Unconstrained Isotope Analyses Made Possible by Innovative Technique

The red-brown stencilwort (left) is an orchid living in symbiosis with fungi. The microscopic images (right) show the tangle-like pelotons of the fungi in the roots of the orchid. Credit: Erik Söll

Many plants around the world form symbiotic relationships with fungi, where both partners exchange nutrients. However, some plants unilaterally exploit the fungi for their own benefit.

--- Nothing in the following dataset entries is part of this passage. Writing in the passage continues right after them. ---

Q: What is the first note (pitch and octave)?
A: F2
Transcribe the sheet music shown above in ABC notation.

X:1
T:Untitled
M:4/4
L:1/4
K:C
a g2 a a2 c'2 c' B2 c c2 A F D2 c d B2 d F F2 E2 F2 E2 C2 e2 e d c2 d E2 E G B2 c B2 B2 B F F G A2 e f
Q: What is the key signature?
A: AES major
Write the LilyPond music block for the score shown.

Prof. Dr. Gerhard Gebauer at the University of Bayreuth, leading international research groups, has introduced a new method in the journal New Phytologist that allows unrestricted isotope analyses of all forms of plant-fungi symbiosis. This breakthrough technique will enable scientists to determine the specific nutrients obtained by each plant from its fungal partner.

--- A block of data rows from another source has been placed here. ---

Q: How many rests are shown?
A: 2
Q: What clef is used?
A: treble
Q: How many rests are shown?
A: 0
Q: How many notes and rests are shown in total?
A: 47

The investigation of nutrient extraction by plants from fungi intertwined with their roots provides valuable insights into biodiversity and ecosystem functioning. Carbon, in particular, plays a crucial role as it has been widely believed that plants produce all the carbon they need through photosynthesis, making them autotrophic.

However, it has been discovered that many plants are heterotrophic, relying on symbiosis with fungi, known as mycorrhiza, to obtain carbon from their fungal partners. Some plants have completely ceased photosynthesis and meet all their carbon requirements through this fungal association.

Unrestricted isotope analyses reveal belowground food transfer

For years, researchers have used the distinct isotope profiles of carbon to study the transfer of carbon from fungi to plants. Carbon isotopes, which differ in the number of neutrons in their nucleus, are present in different abundances in plant-produced carbon and fungal carbon.

By analyzing the isotopes stored in plants, scientists can determine the amount of carbon obtained from fungi. However, reliable calculations require the knowledge of two reference values: the isotope profile of carbon in autotrophic plants and the isotope profile of carbon in fungal partners.

Between these two reference values lies the isotopic profile of carbon in heterotrophic plants, which extract carbon from fungi. Isotope analysis has already provided valuable insights into fungal-plant symbioses using this approach.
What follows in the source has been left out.